Teens who volunteer:

  • Perform better in school.
  • Have higher self-esteem and more resiliency.
  • Are 50 percent less likely to smoke, drink or do drugs.
  • Improve their chances of graduating at the top of their class.
  • Gain new skills necessary in the job market, such as leadership, decision-making and communication skills.
  • Look more attractive on college and scholarship applications.
  • Find new career opportunities they hadn’t thought of before. For example, students working in a senior citizen center may discover they would like to work in the human services field.
  • Are less likely to become pregnant.
  • Are more likely to feel valued.
  • Develop better appreciation for the little things in life as they are exposed to people and circumstances they had not encountered before.
  • Feel empowered. Volunteerism teaches teens that they can make a difference in the world. Surprisingly, adolescents who volunteer are likely to repeat the experience, because they love it! Research shows a direct correlation exists between people volunteering when they are young and continuing their service as they get older.

How Should Teens Get Started?

Trying to connect teens with community service projects may seem hard at first, but we have some tips. First, talk to the adolescent about his/her strengths and interests. You want to match their natural talents with a need that fits. If the teen likes animals, the local shelter would be worth a try. If the teen enjoys talking to people, a retirement home should be considered. Second, make a list of possible volunteer opportunities. In the next section of this blog, we will offer a list of possibilities. Third, suggest the teen make arrangements for a short-term project first as a trial run. Before they make a commitment, they should make sure they enjoy the work. Fourth, once they do commit to a volunteer project, help them to stay the course. There are almost always challenges, personality clashes, unexpected needs and alternative activities that look more fun. Be a good listener to these problems, but emphasize the importance of meeting obligations. Finally, consider volunteering with them, or encourage the teen to volunteer with their friends. Starting something new with someone you know is always easier.

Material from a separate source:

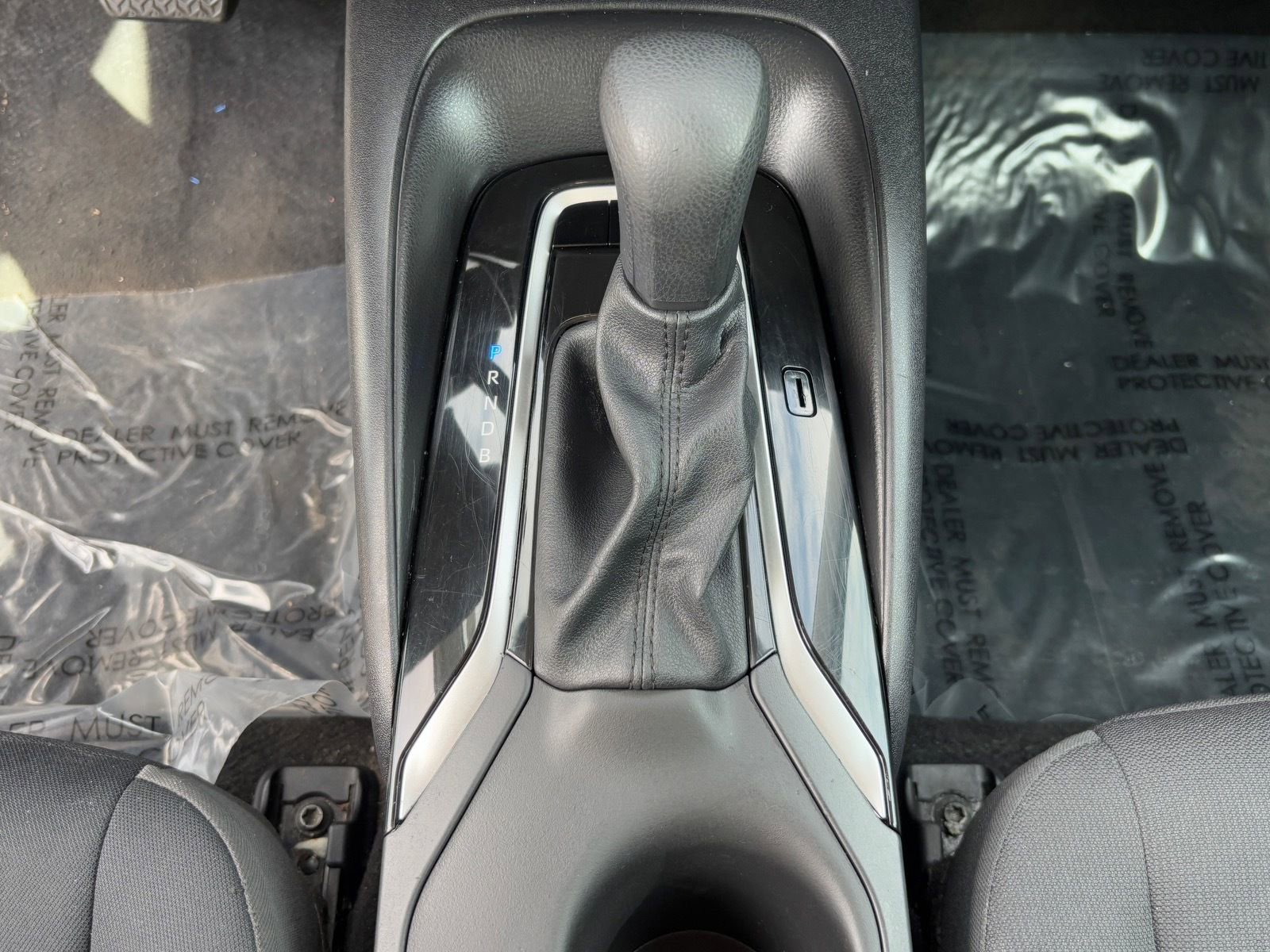 Certified 2025 Toyota Corolla LE w/ Convenience Package image 27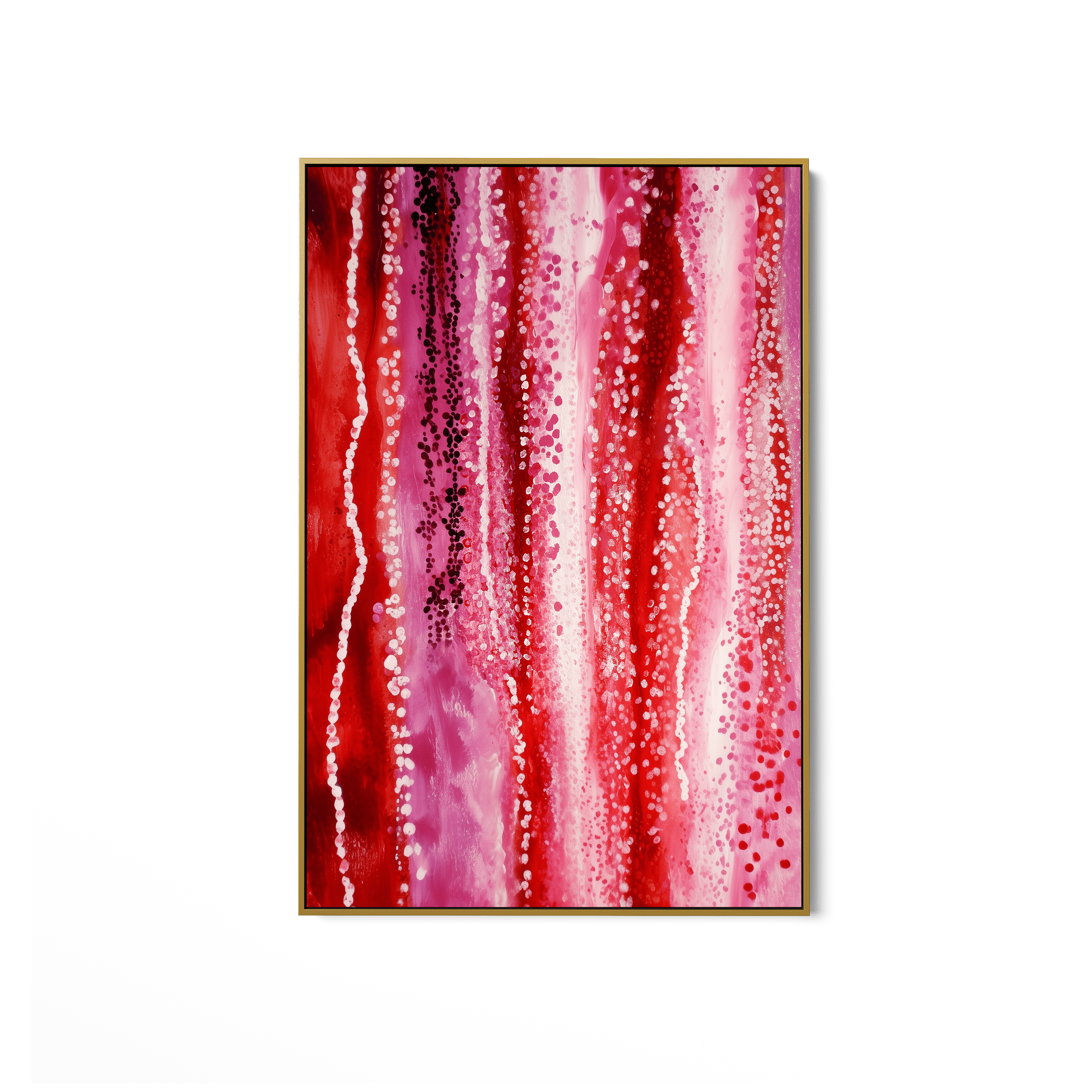 Fuchsia Drift #UA-690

What Volunteer Projects Are Available for Teens?

Middle Earth recently conducted an online poll on their website asking “what is your teen doing to give back to the community?” Most people indicated that their teen was getting involved in school-sponsored charity collections, fundraisers or events. This is definitely a great way to begin volunteering, but don’t stop there!

There are lots of community service opportunities for teenagers. You can often get information on projects from schools, local youth centers (such as Middle Earth), contacting your local United Way or visiting nonprofit websites. Here are some ideas:

  • Organize a blood drive for the Red Cross.
  • Collections! Hold a drive to collect food for the food bank, suitcases for foster kids, or pop tabs for the Ronald McDonald House.
  • Run a themed event for young kids at the local library.
  • Assist in building a home with Habitat for Humanity.
  • Make a ‘tray favor’ for meal trays, such as a napkin ring, delivered through Meals on Wheels. It brightens up someone’s day and teens enjoy making the little treasures.
  • Help clean-up or improve trails or plant trees at a State Park.
  • Be a companion at senior citizen center.
  • Take care of animals at the shelter.
  • Send troop care packages.
  • Mail letters to sick children.
  • Help out a fundraiser event.

Don’t Deprive Teens of Their Chance to Shine

Teenagers need the chance to make a difference in their families, at schools and in their communities. These opportunities help them become aware of the needs of others, encourage a sense of personal responsibility to contribute to the larger society, and opens the door to possibility. Young people want to be involved in making the world a better place, and volunteerism significantly improves their chance of becoming a responsible and productive adult. So, don’t just use the phrase “try it, you might like it” with dinner… use it with volunteerism, too!